| ABOUT THIS TASK |
After finding "We can multiply" in a line below, print that line and the rest of the lines exactly, leaving out all pictures.
Content starts
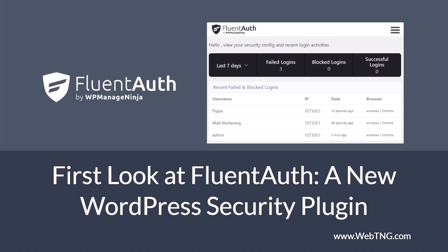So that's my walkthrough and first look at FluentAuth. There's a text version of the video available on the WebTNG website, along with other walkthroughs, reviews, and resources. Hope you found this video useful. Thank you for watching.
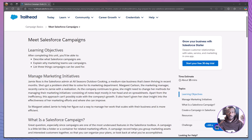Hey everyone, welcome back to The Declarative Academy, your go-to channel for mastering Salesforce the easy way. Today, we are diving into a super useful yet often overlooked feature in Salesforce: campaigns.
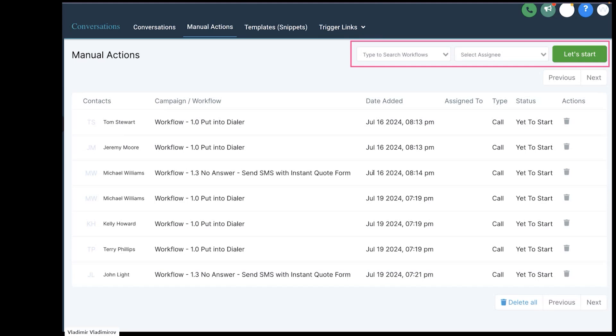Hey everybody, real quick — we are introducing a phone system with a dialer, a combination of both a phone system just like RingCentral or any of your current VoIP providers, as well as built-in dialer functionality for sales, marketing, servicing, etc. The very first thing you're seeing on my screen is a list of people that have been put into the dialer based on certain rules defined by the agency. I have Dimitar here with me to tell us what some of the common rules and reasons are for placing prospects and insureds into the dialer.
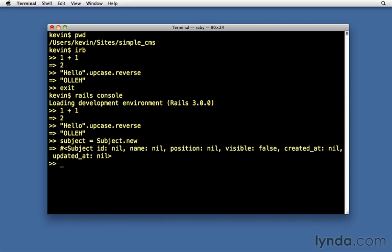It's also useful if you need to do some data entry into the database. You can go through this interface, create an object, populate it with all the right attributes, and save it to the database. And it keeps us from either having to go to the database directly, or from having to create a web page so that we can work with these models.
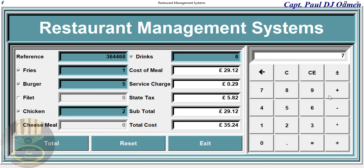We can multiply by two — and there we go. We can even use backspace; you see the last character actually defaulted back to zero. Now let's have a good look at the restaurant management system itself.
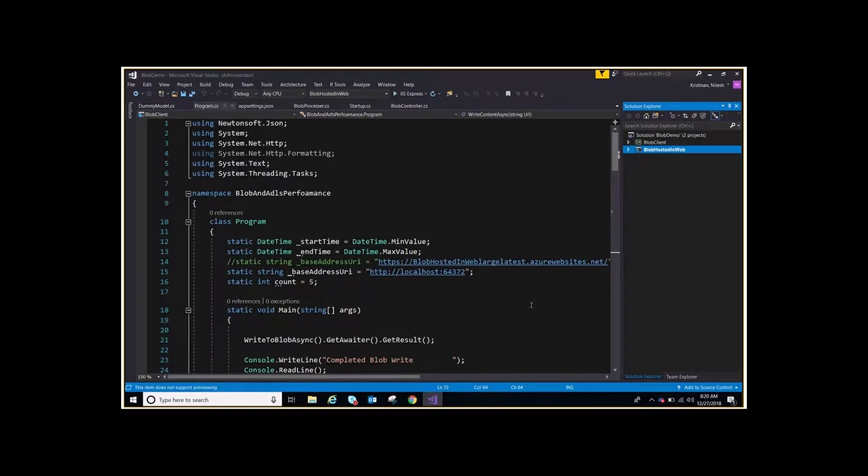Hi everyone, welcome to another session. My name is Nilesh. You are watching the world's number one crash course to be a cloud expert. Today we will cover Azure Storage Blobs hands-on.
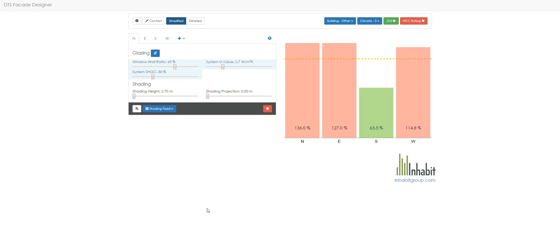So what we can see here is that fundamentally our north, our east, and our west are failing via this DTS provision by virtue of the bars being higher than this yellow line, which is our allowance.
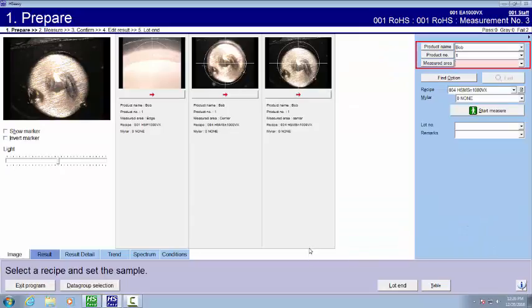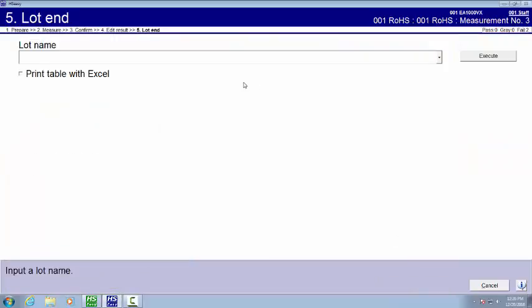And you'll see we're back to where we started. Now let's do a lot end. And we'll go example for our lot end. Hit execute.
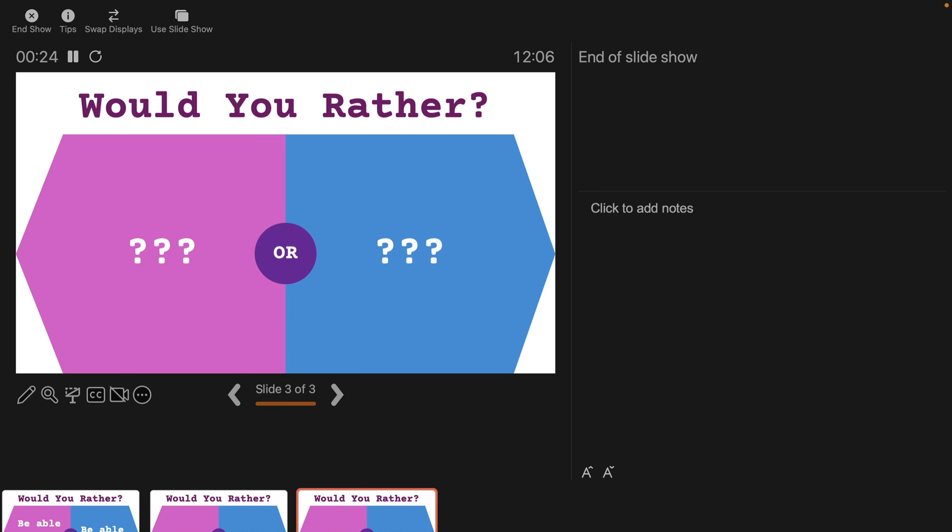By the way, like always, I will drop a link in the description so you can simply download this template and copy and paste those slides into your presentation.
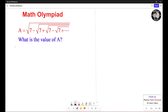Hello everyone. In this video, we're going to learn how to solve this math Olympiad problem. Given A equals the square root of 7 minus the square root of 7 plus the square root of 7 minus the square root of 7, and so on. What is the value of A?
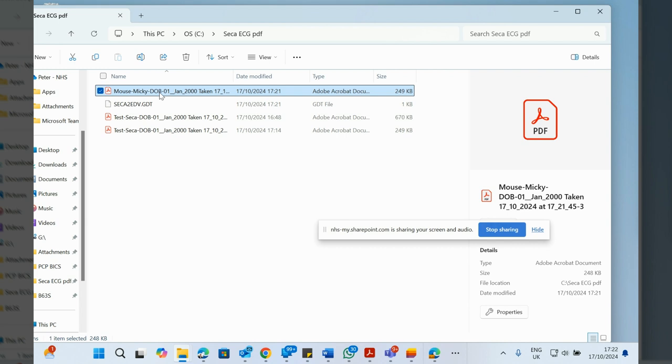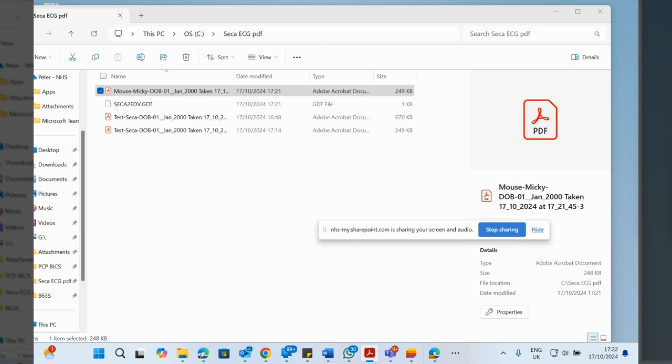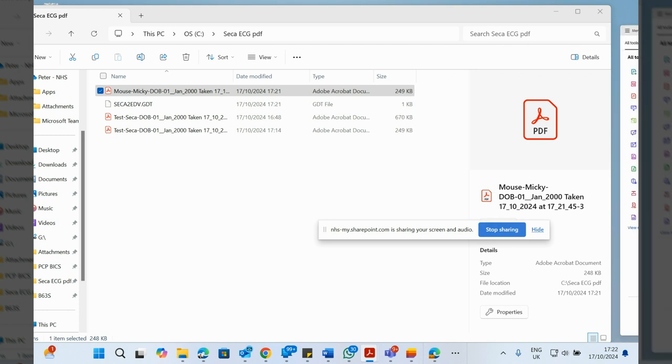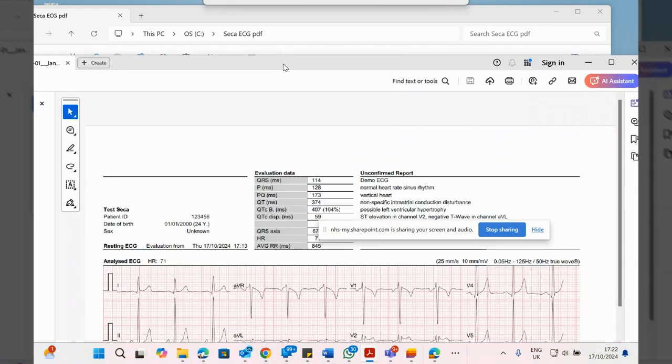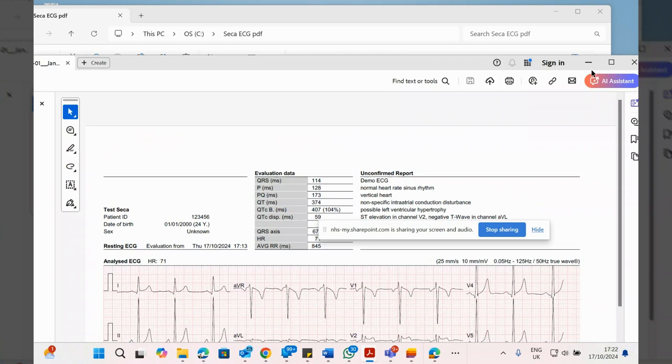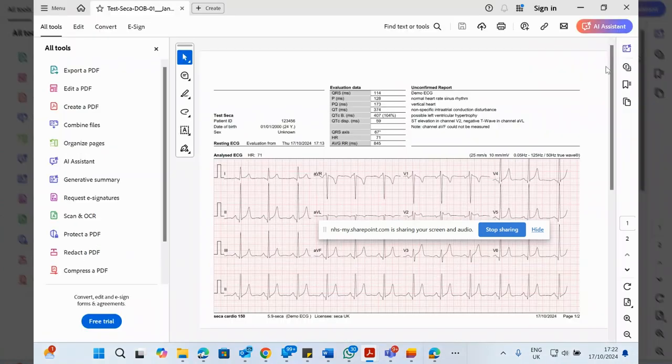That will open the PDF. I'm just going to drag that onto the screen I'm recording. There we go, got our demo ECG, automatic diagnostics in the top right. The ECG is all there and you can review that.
Content ends
| WRITTEN RESPONSE |
We can multiply by two — and there we go. We can even use backspace; you see the last character actually defaulted back to zero. Now let's have a good look at the restaurant management system itself.
Hi everyone, welcome to another session. My name is Nilesh. You are watching the world's number one crash course to be a cloud expert. Today we will cover Azure Storage Blobs hands-on.
So what we can see here is that fundamentally our north, our east, and our west are failing via this DTS provision by virtue of the bars being higher than this yellow line, which is our allowance.
And you'll see we're back to where we started. Now let's do a lot end. And we'll go example for our lot end. Hit execute.
By the way, like always, I will drop a link in the description so you can simply download this template and copy and paste those slides into your presentation.
Hello everyone. In this video, we're going to learn how to solve this math Olympiad problem. Given A equals the square root of 7 minus the square root of 7 plus the square root of 7 minus the square root of 7, and so on. What is the value of A?
That will open the PDF. I'm just going to drag that onto the screen I'm recording. There we go, got our demo ECG, automatic diagnostics in the top right. The ECG is all there and you can review that.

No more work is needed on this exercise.